Un año después de llegar a Ajuria Enea, el joven lendakari ha proyectado una potente imagen en los desayunos que semanalmente congregan las caras del poder en el «sky line» madrileño que va del Palace al Ritz. Su secretaria personal no da abasto para cerrar citas con los peregrinos de Ferraz que quieren hacerse la foto con el líder emergente. Y en muchas comunidades el nombre de Patxi López encarna el utópico sueño del desarme sectario entre el PP y el PSOE. Pero entre la sociedad vasca agotada de ensayos identitarios, de chapotear en el fango de la violencia y atrapada por la ansiedad de llegar a fin de mes, el lendakari, paradójicamente, está lejos de levantar pasiones. Nadie dijo que sería fácil. Pero tampoco que fuera tan duro. Sin debates soberanistas que echarse al espíritu, ni la adrenalina del victimismo bombeando emociones hacia el enemigo exterior, el nuevo Gobierno vasco y su aliado constitucionalista en el pacto del cambio se fajan con una opinión pública que mira al Ejecutivo de Vitoria con frialdad como masticando: «¡A ver dónde nos llevan estos!».

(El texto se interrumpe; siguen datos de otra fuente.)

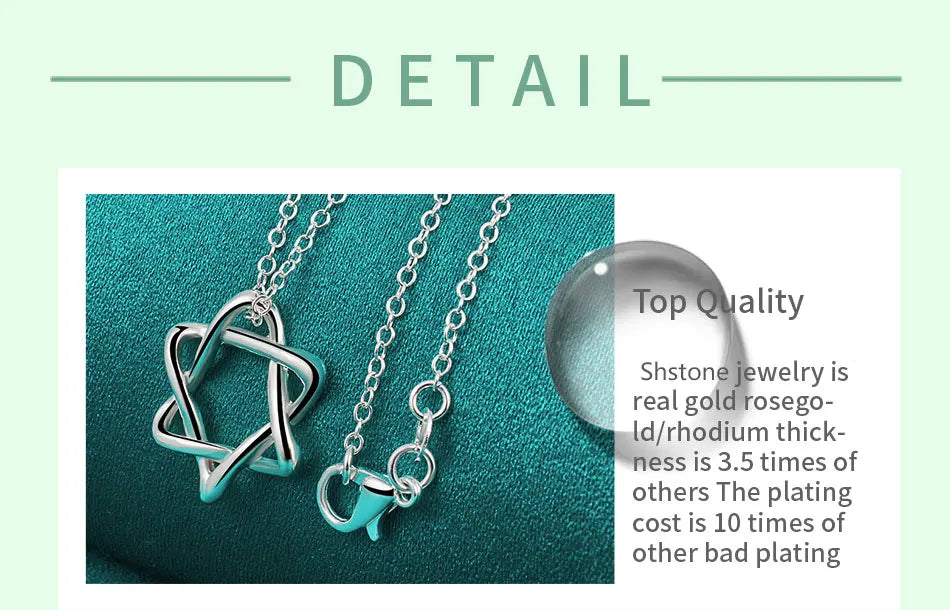 New 16-30 Inch O-Chain 925 Sterling Silver Hexagram Pendant Necklace For Women Bridal Wedding Accessories Birthday Charm Jewelry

Desde la nueva administración, un equipo voluntarioso pero desentrenado ha trabajado seis meses con el presupuesto comprometido de antemano. Enfrente el PNV. En cada barrio un batzoki y una masa militante en torno a 35.000 afiliados dispuestos a recuperar el mando cuanto antes. Los actores del experimento que han logrado rebajar la tensión ambiental de Euskadi a niveles desconocidos, que han cedido en sus aspiraciones programáticas y políticas a cambio de un poco de tregua y de recuperar visibilidad en el espacio público asisten perplejos al desapego sociológico respecto a la profundidad histórica del cambio. Es cierto que la matemática electoral permitió llegar a Ajuria Enea por los pelos; es cierto que el votante de socialistas y populares no estaba entusiasmado por un Gobierno constitucionalista; y conviene recordar que las casas de apuestas en que se transforma cada «txoko» en tiempo electoral avalaban un futuro acuerdo social-nacionalista. Con todo, ¿cómo se explica que el aire fresco de una nueva generación de dirigentes constitucionalistas, víctimas pero intransigentes frente a los violentos, que han logrado el sueño democrático de la alternancia en el poder después de treinta años de monocultivo nacionalista, no suscite un vehemente fervor ciudadano? El deseo de no despertar al dinosaurio ha condicionado de tal manera el cambio que, socialistas y en menor medida populares, ahora están huérfanos de lo que siempre le ha sobrado al PNV: calor militante, impulso desde la calle e implicación sociológica en el proyecto. Y una apuesta tan renovadora además de votos exige pasión.